PLoS One. 2014 Jan 21;9(1):e85718. doi: 10.1371/journal.pone.0085718. eCollection 2014.
Yu JG, Feng YF, Xiang Y, Huang JH, Savini G, Parisi V, Yang WJ, Fu XA.
1Department of Ophthalmology, The Central Hospital of Wuhan, Hubei, China.
2Department of Ophthalmology, Zhongshan Hospital, Fudan University, Shanghai, China.
3The Affiliated Eye Hospital of Wenzhou Medical University, Zhejiang, China.
4G.B. Bietti Eye Foundation-IRCCS, Rome, Italy.
Parkinson disease (PD) is a neurodegenerative process that leads to a selective loss of dopaminergic neurons, mainly in the basal ganglia of the brain. Numerous studies have analyzed the ability of optical coherence tomography (OCT) to detect retinal nerve fiber layer (RNFL) thickness abnormalities and changes in PD, but the results have not always been consistent. Therefore, we carried out a meta-analysis to evaluate the RNFL thickness measured with OCT in PD.
METHODS AND FINDINGS:
Case-control studies were selected through an electronic search of the Cochrane Controlled Trials Register, PUBMED and EMBASE. For the continuous outcomes, we calculated the weighted mean difference (WMD) and 95% confidence interval (CI). The statistical analysis was performed by RevMan 5.0 software. Thirteen case-control studies were included in the present meta-analysis, containing a total of 644 eyes in PD patients and 604 eyes in healthy controls. The results of our study showed that there was a significant reduction in average RNFL thickness in patients with PD compared to healthy controls (WMD = -5.76, 95% CI: -8.99 to -2.53, P = 0.0005).

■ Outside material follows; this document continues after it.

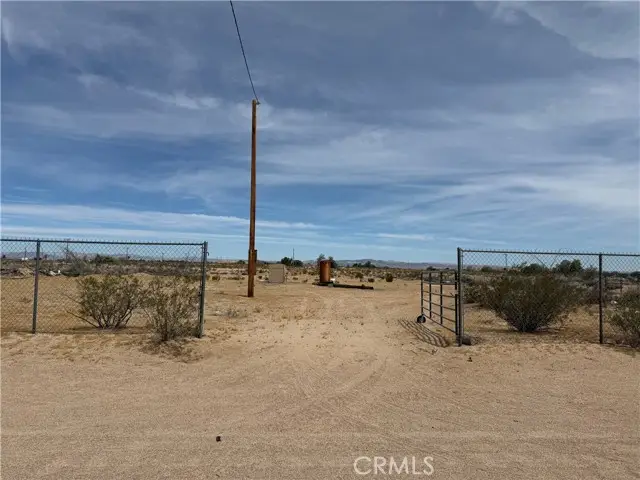 34805 Newberry, Newberry Springs, CA 92365 - #2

Additionally, differences of RNFL thickness in superior quadrant (WMD = -4.44, 95% CI: -6.93 to -1.94, P = 0.0005), inferior quadrant (WMD = -7.56, 95% CI: -11.33 to -3.78, P<0.0001), nasal quadrant (WMD = -3.12, 95% CI: -5.63 to -0.61, P = 0.01) and temporal quadrant (WMD = -4.63, 95% CI: -7.20 to -2.06, P = 0.0004) were all significant between the two groups.
In view of these results and the noninvasive nature of OCT technology, we surmise that OCT could be a useful tool for evaluating the progression of the Parkinson disease.